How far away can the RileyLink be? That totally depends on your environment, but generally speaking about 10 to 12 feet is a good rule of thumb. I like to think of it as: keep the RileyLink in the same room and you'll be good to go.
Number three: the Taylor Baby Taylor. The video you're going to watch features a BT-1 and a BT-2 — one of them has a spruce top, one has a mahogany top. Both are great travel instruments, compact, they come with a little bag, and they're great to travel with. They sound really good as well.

...

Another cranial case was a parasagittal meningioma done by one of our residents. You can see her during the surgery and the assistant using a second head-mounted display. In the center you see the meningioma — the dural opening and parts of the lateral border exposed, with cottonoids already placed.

==

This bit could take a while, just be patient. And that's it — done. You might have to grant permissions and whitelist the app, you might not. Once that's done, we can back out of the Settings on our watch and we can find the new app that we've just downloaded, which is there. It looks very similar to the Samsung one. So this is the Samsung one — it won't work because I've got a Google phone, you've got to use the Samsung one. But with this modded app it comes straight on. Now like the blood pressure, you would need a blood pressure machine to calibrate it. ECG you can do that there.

- [Task statement] Pull out all lines containing the word "good" from the entries above.

- [Problem solution]
How far away can the RileyLink be? That totally depends on your environment, but generally speaking about 10 to 12 feet is a good rule of thumb. I like to think of it as: keep the RileyLink in the same room and you'll be good to go.
Number three: the Taylor Baby Taylor. The video you're going to watch features a BT-1 and a BT-2 — one of them has a spruce top, one has a mahogany top. Both are great travel instruments, compact, they come with a little bag, and they're great to travel with. They sound really good as well.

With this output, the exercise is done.